How do you think the research helps in our understanding of religious deities and superheroes?
Ambivalence, ambiguity, and the two other features of our ‘God template’ that we found (that Gods are usually rated more of a benefit than fictional characters and they have mind-based abilities, which have also been shown to be more beneficial) support the idea that we believe in Gods because we want to believe in them. They can improve our lives in significant ways, so we want to believe they are real and we will find ways to base our reasoning to that end. This ‘motivated reasoning’ account has been proposed by scholars for centuries (like Sigmund Freud and David Hume), but it is often dismissed because some Gods can appear threatening and why would we want to believe in threatening Gods? Our study supports the account and adds to it by suggesting that threat is a necessary part of God's features. Threat is part of any God's ambivalence, but it also gets our attention (as it does for fictional characters), which may be important. Once they've gotten our attention, it's their beneficial features that get our belief. Fictional characters get our attention by being threatening, but they don't do enough to improve our lives. Some, like Santa Claus, can improve our lives but don't threaten us enough to get our constant attention. Gods do both.
Joaquin Phoenix as Joker
In the context of the movie Joker (though he is an anti-hero, he is a hero for many) and the negative publicity it was drawing, what kind of influence does movies like these have?

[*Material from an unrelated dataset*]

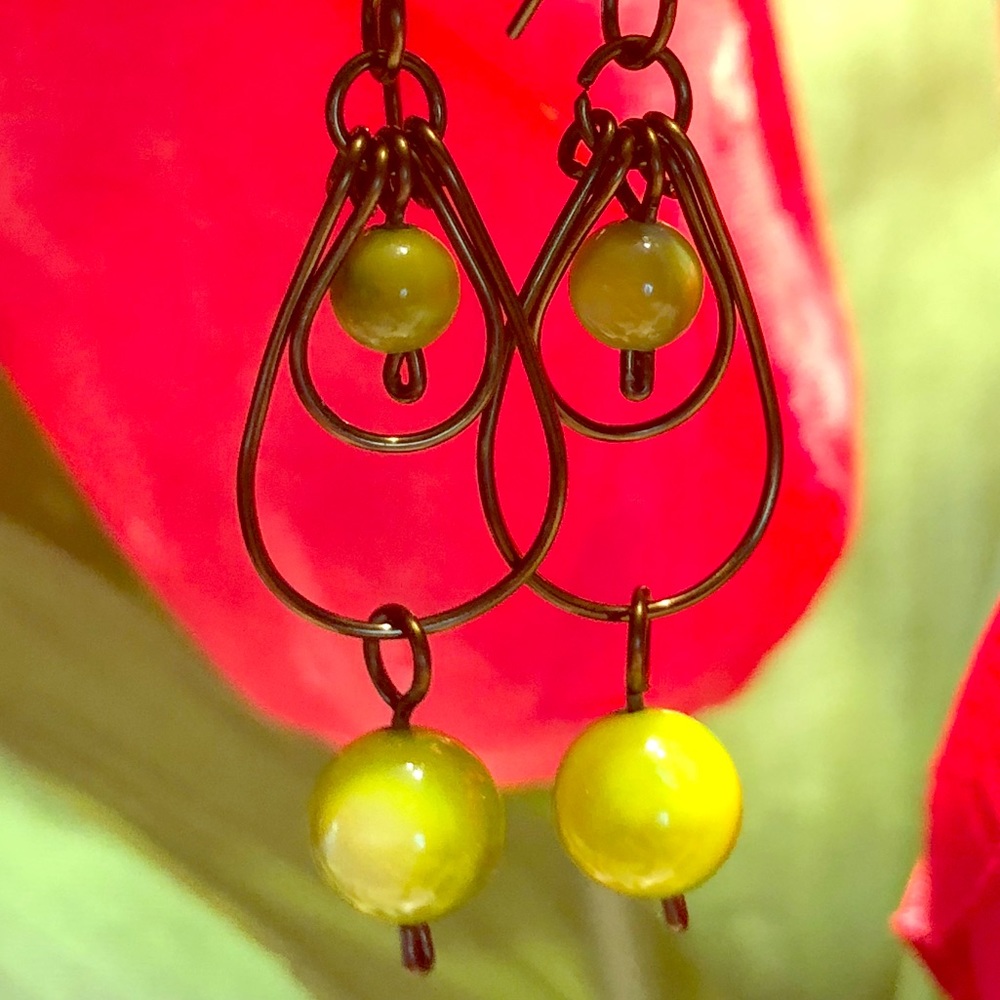 Power Shell Earrings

I have not watched the Joker nor am I aware of its negative publicity. As far as I'm aware, the Joker is not a supernatural being, so wouldn't be included in our study, which sought to determine why only some supernatural beings are believed and worshipped. However, Joker is a highly threatening character, which is something that attracts our attention. His unusual methods and unpredictability are things that would add to the threat we perceive in him. Furthermore, the Joker, and many modern villains such as Thanos, are depicted in ways that make us understand their motives and see their logic, even if we ultimately disagree with them. This can make them potentially beneficial to us, if our motives were to become compatible, which, as for Gods, may ultimately make them more believable to us. I'm not saying people will start a Joker religion, but it probably makes him a more believable on-screen character.